A month ago, Microsoft announced Windows Phone 7 Series at Mobile World Congress in Barcelona. Since its announcement, the newly-rebooted platform has been polished to a state where it's now ready for developers to take charge and start making applications. Almost everything we've suspected has turned out to be true; Phone 7 Series will heavily make use of cloud services such as Xbox Live, and enable huge amounts of code re-use for game and software development with XNA and Silverlight. Microsoft has learned from the success of other platforms how important ease of application development is to platform success, and at MIX10, the emphasis is entirely on developers. Or rather, "Phone Developers" as Steve Ballmer rather humorously suggested:

Phone Developers are Critical

Additional platform details have been announced, including disclosure about both the development framework, tools, and probably most importantly the app marketplace structure for Phone 7 Series. Development will happen atop Microsoft Silverlight 3.0 and Microsoft XNA platforms, leveraging tools like Visual Studio 2010 for Windows Phone, Expression Blend 4 for Windows Phone, and XNA Game Studio 4.0 for Windows Phone. As we suspected earlier, these two frameworks (Silverlight and XNA) lie at the core of Phone 7 Series. Microsoft has been adamant that both Silverlight and XNA developed applications are fully hardware accelerated, and while there's still lag in some applications, the software they've shown thus far is clearly better optimized than it was at MWC.

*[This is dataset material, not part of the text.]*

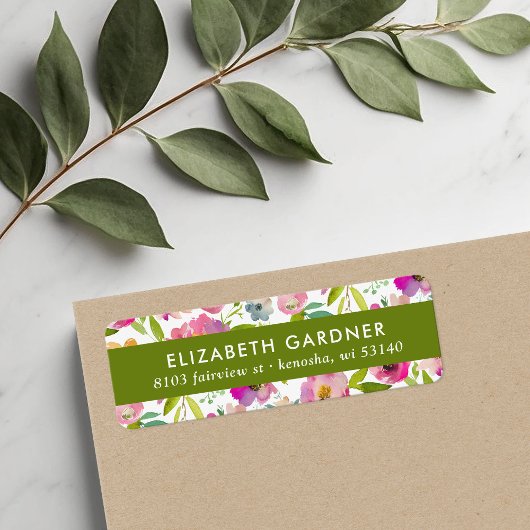 Roze en groene bloemige retouradreslabels etiket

Microsoft is wasting no time giving developers already familiar with XNA and Silverlight the tools necessary to immediately start building software. The SDK is available and ready, complete with an emulator and support for testing on hardware as soon as it starts shipping. All three of the development tools (Expression Blend, XNA Game Studio, and Visual Studio) are being made available immediately for free at http://developer.windowsphone.com/ . For all intents and purposes, software development for the platform begins now.

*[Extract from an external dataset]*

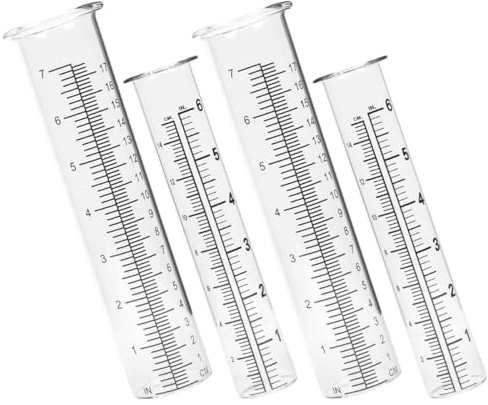 OSALADI Pluviomètre en Verre Lot de 4 Tubes à Essai Transparent, Mesure Précise des Précipitations Cylindres Gradués, Utilisation Prolongée en Extérieur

Microsoft is taking a two-route approach to application development. They're hoping that the vast majority of productivity, office, and otherwise non-gaming applications will be developed in Visual Studio 2010 or Expression Blend 4 and run atop Phone 7's Silverlight framework. The entire Silverlight 3.0 platform is included and running atop hardware, including a small handful of Silverlight 4.0 features.

A different subset of gaming applications or programs that leverage 3D or require "twitchy response" (like FPS titles), however, will run atop XNA. Once a developer chooses to develop software in one of the two camps, it sticks there for its development cycle. With time, Microsoft plans to bring down these barriers between XNA and Silverlight, but launch this upcoming holiday 2010 is slated to employ this two-camp mode.

This strongly parallels the route that Palm is taking with WebOS, using a basic SDK for most applications, and a "Plug-In Development Kit" (PDK) that allows closer to metal code to run for applications that require better performance and leverage 3D strongly. This model is an interesting balance between both trains of thought; beginning developers looking to make simple applications fast can easily develop with tools like Expression Blend 4. Programmers looking for a closer to metal framework or porting existing Xbox 360 and PC games can choose to use XNA Game Studio.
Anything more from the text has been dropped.